Livingstone, Zambia, 1921 - London, England, 2006
  • Date: 
    1971
  • Edition/serial number: 
    2/3
  • Media description: 
    16 mm film, also transferred to video
  • Duration: 
    11 min.
  • Colour: 
    Black and white
  • Sound: 
    Silent
  • Category: 
    Film
  • Entry date: 
    2010
  • Register number: 
    AD05834

In this film, every frame corresponds to one page in the Encyclopedia Britannica, and at a speed of seventeen frames per second, this reduces the text to an illegible blur, and produces an initial anxiety as the viewer attempts to understand the information as it flashes past. So the point of departure is a text that is universally considered canonical in terms of access to knowledge in its widest sense. Its illegibility here is a reflection on human incapacity to take in knowledge through books and encyclopedic learning, using a method that turns the text into the object of a new mode of visual perception.
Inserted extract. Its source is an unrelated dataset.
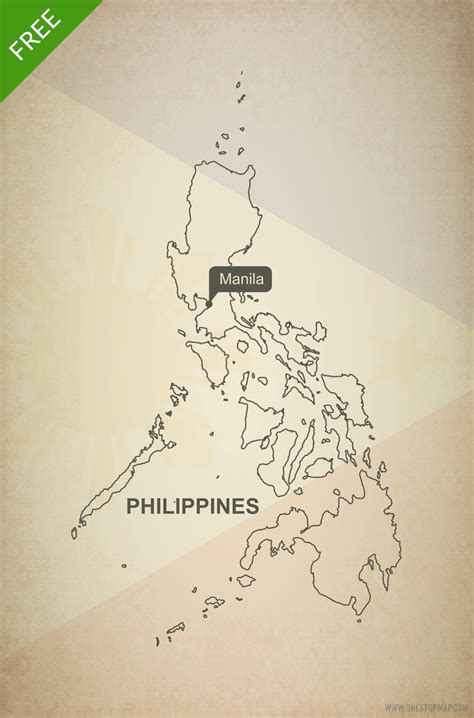 Free Vector Map of Philippines Outline | One Stop Map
One of the fundamental criticisms in the artist’s work was his radical stance on American critic Clement Greenberg’s formalism; however, that did not mean that his criticism leaned towards Minimalism (with which he had nothing in common), being more concerned with aspects related to conceptual art. This is a seminal piece in John Latham’s career, which brings together a number of the his work’s principal concerns: the way history is written, memory, interest in the word as a container of knowledge and the reflection on art as an autonomous object.